ASSIGNED TASK:
Apart from the pictures, print the data below exactly as given.
*** SUPPLIED INFORMATION ***
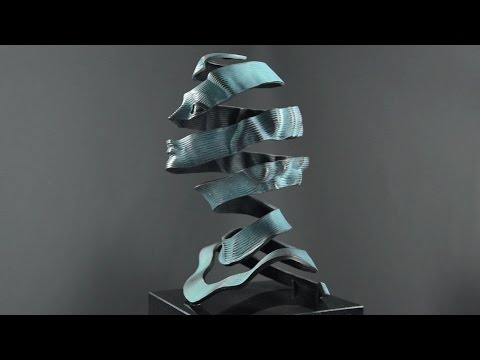 M.C. Escher "HÜLLE" Bronzeskulptur  -  Porträt einer Frau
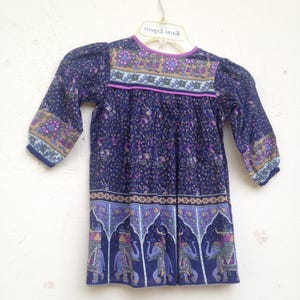 May include: A navy blue dress with a floral pattern and elephant motifs. The dress features long sleeves, a round neckline, and a decorative border. The dress is hanging on a white hanger.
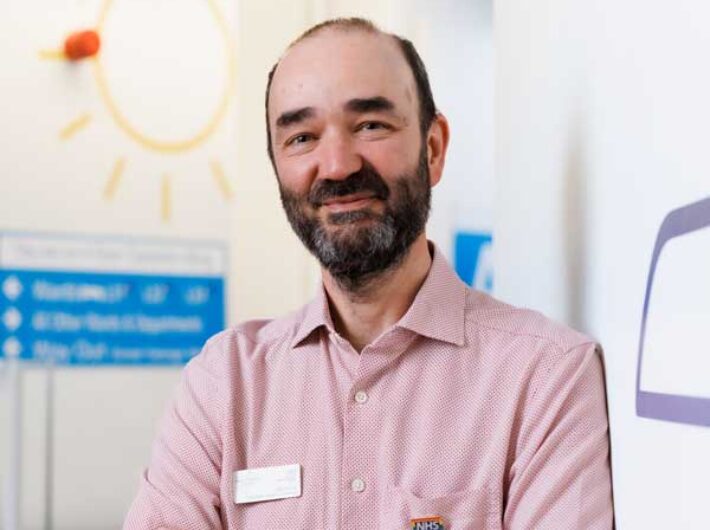 A person with short dark hair and a bear is standing smiling at the camera with their arms crossed. They are wearing a pale red shirt.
*** End of SUPPLIED INFORMATION ***
RESULT OF THIS TASK:
 M.C. Escher "HÜLLE" Bronzeskulptur  -  Porträt einer Frau
 May include: A navy blue dress with a floral pattern and elephant motifs. The dress features long sleeves, a round neckline, and a decorative border. The dress is hanging on a white hanger.
 A person with short dark hair and a bear is standing smiling at the camera with their arms crossed. They are wearing a pale red shirt.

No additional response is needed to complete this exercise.